→ WORK TASK
Every line of the data below must be output exactly, with images left out.

→ RAW DATA
__________
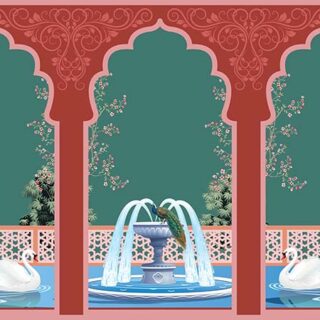 Beautiful Lake With Fountain Indian Garden Wallpaper Mural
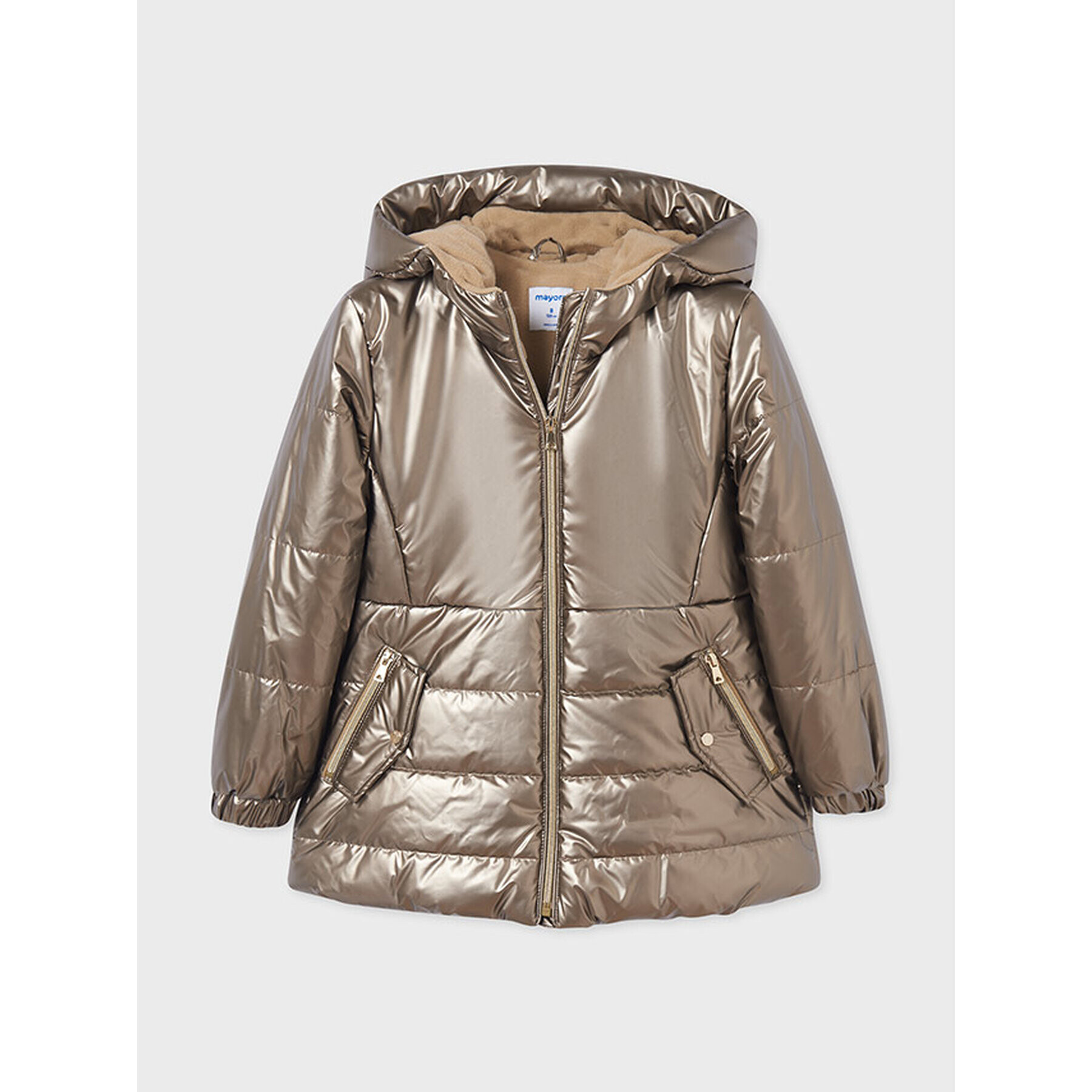 Mayoral Пухено яке 7437 Кафяв Regular Fit - Pepit.bg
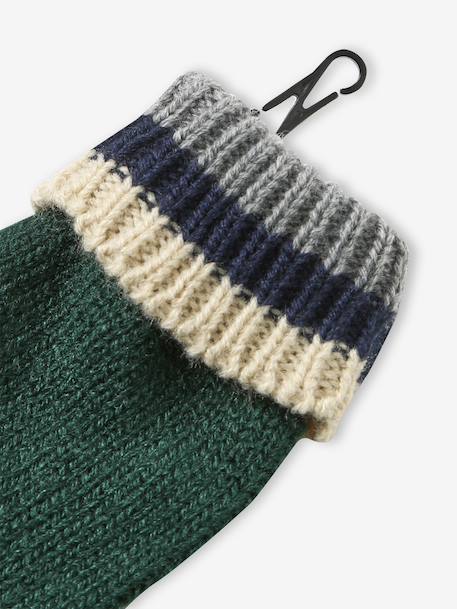 Tricolour Set for Boys: Beanie + Snood + Mittens/Gloves green+night blue - vertbaudet enfant 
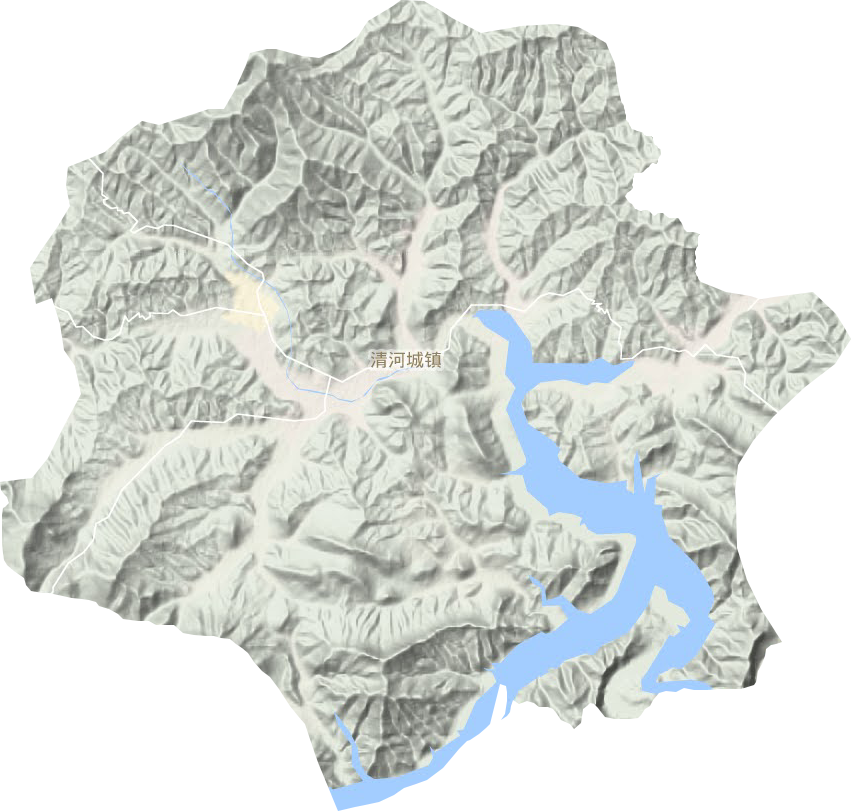 清河城镇地形图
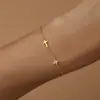 Pulsera de Pétalos Brillantes con Forma de Cruz Incrustada de Diamantes, Joyería de Lujo Ligero, Popular en Amazon en Europa y América, Versátil y Elegante
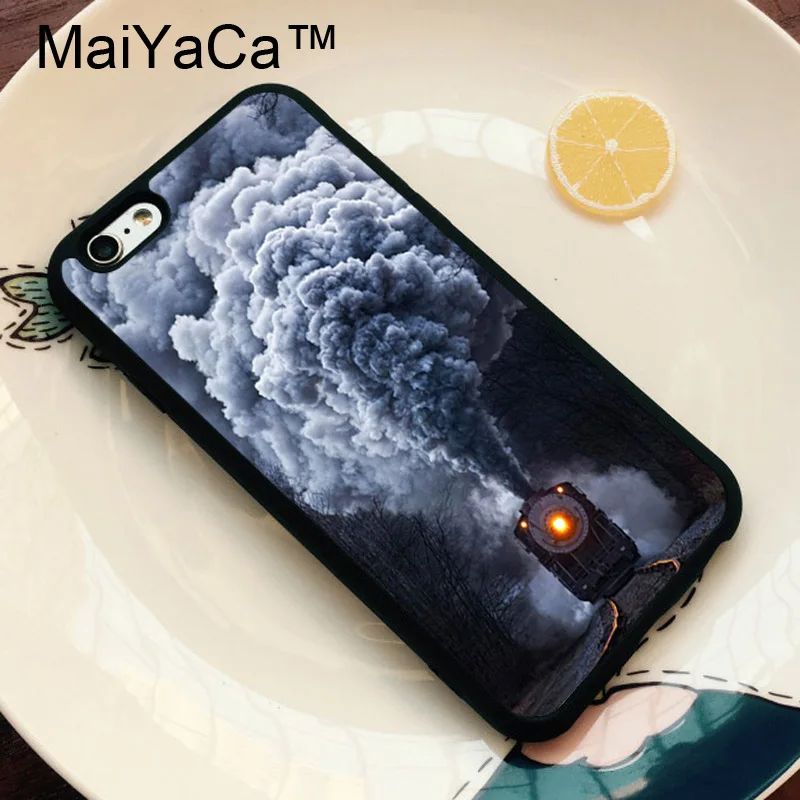

MaiYaCa Locomotive Train Vintage Printed Phone Case For iphone X XR XS MAX 6 6S 7 8 Plus 5 5S SE Cover Fundas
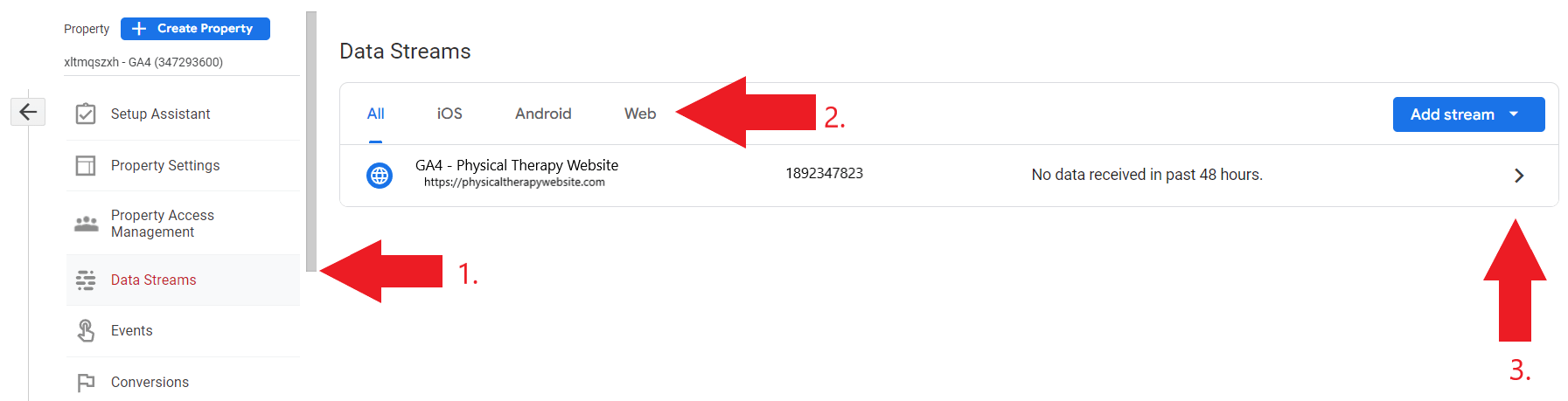 Website data stream details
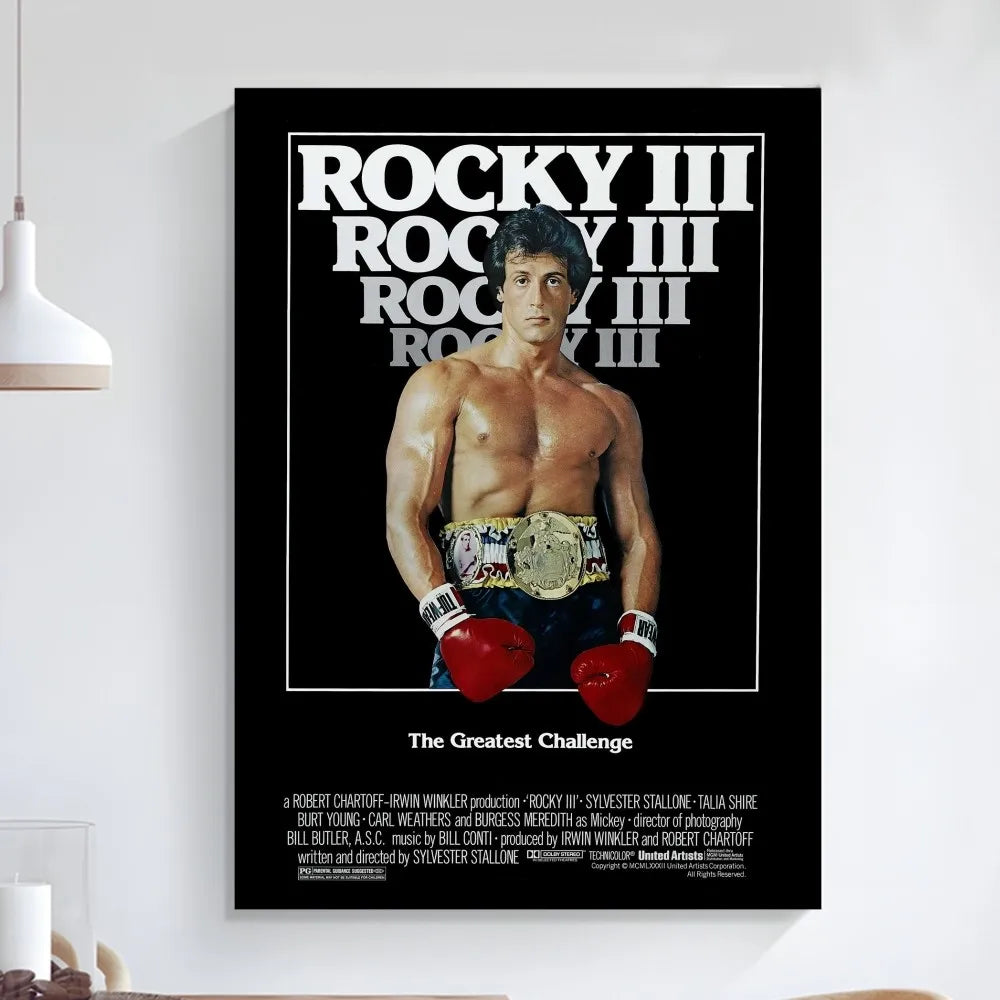Rocky Balboa Classic Movie Poster Art Self-adhesive Art Small Poster HD Quality Poster Wall Art Painting Study Wall Decoration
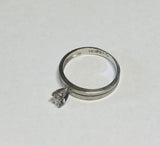 Vintage 1960's NOS 18 Karat White Gold and Genuine 0.10ct Diamond Solitaire Ring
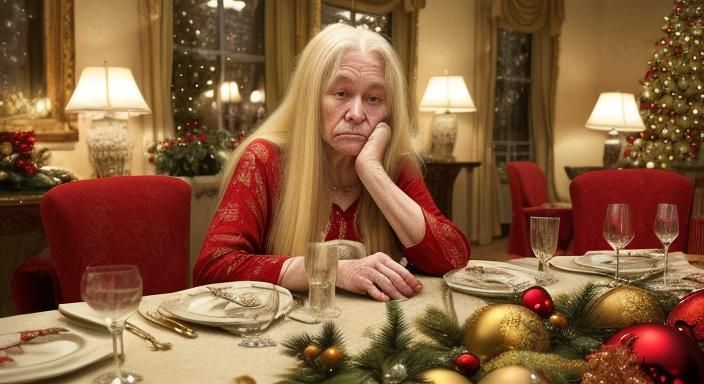 Sad Woman at Lavish Christmas Table: Abstract Art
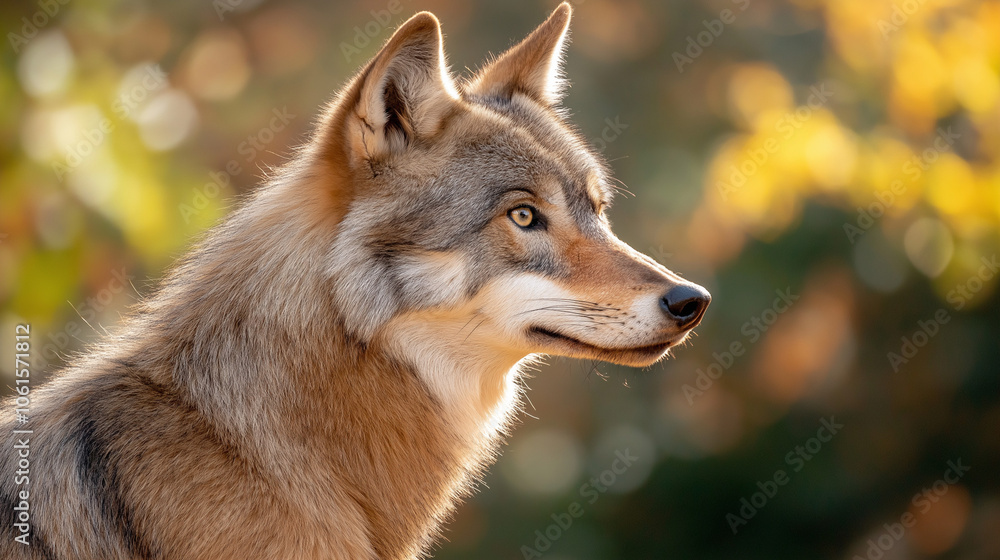 Majestic Wolf in Profile with Luminous Eyes Majestic Wolf in Profile with Luminous Eyes
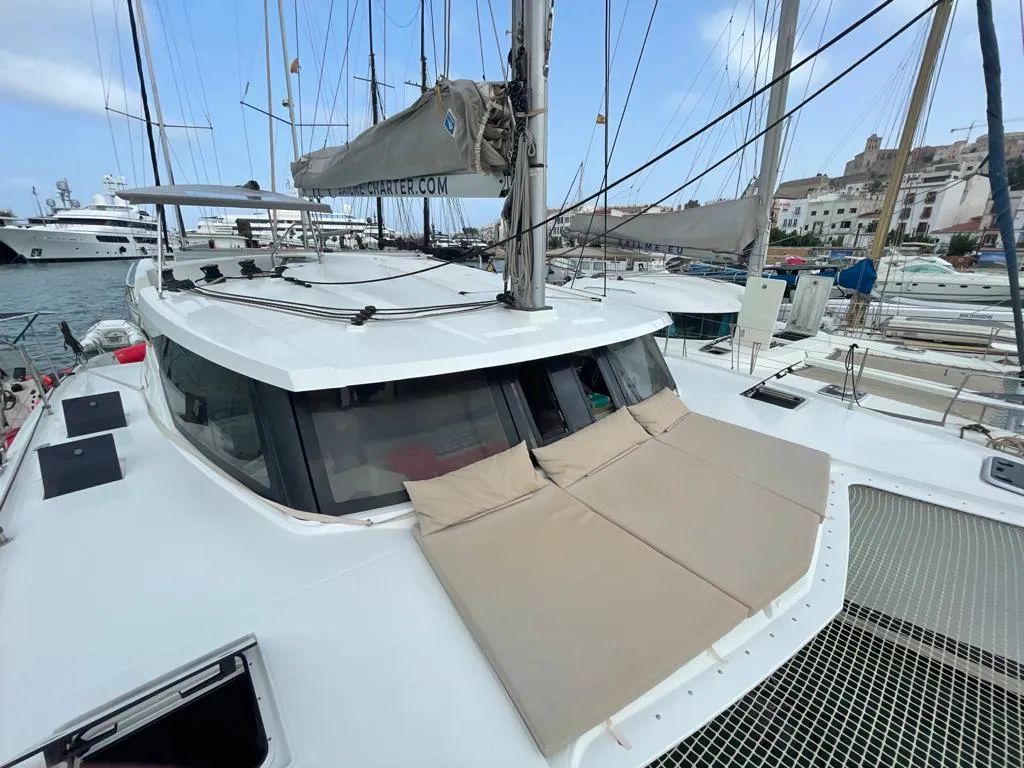 Deck of Aquila, a Fountaine Pajot Lucia 40 catamaran at San Miguel de Abona, Spain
__________
→ ANSWER TO THIS PROBLEM
 Beautiful Lake With Fountain Indian Garden Wallpaper Mural
 Mayoral Пухено яке 7437 Кафяв Regular Fit - Pepit.bg
 Tricolour Set for Boys: Beanie + Snood + Mittens/Gloves green+night blue - vertbaudet enfant 
 清河城镇地形图
 Pulsera de Pétalos Brillantes con Forma de Cruz Incrustada de Diamantes, Joyería de Lujo Ligero, Popular en Amazon en Europa y América, Versátil y Elegante

MaiYaCa Locomotive Train Vintage Printed Phone Case For iphone X XR XS MAX 6 6S 7 8 Plus 5 5S SE Cover Fundas
 Website data stream details
Rocky Balboa Classic Movie Poster Art Self-adhesive Art Small Poster HD Quality Poster Wall Art Painting Study Wall Decoration
 Vintage 1960's NOS 18 Karat White Gold and Genuine 0.10ct Diamond Solitaire Ring
 Sad Woman at Lavish Christmas Table: Abstract Art
 Majestic Wolf in Profile with Luminous Eyes Majestic Wolf in Profile with Luminous Eyes
 Deck of Aquila, a Fountaine Pajot Lucia 40 catamaran at San Miguel de Abona, Spain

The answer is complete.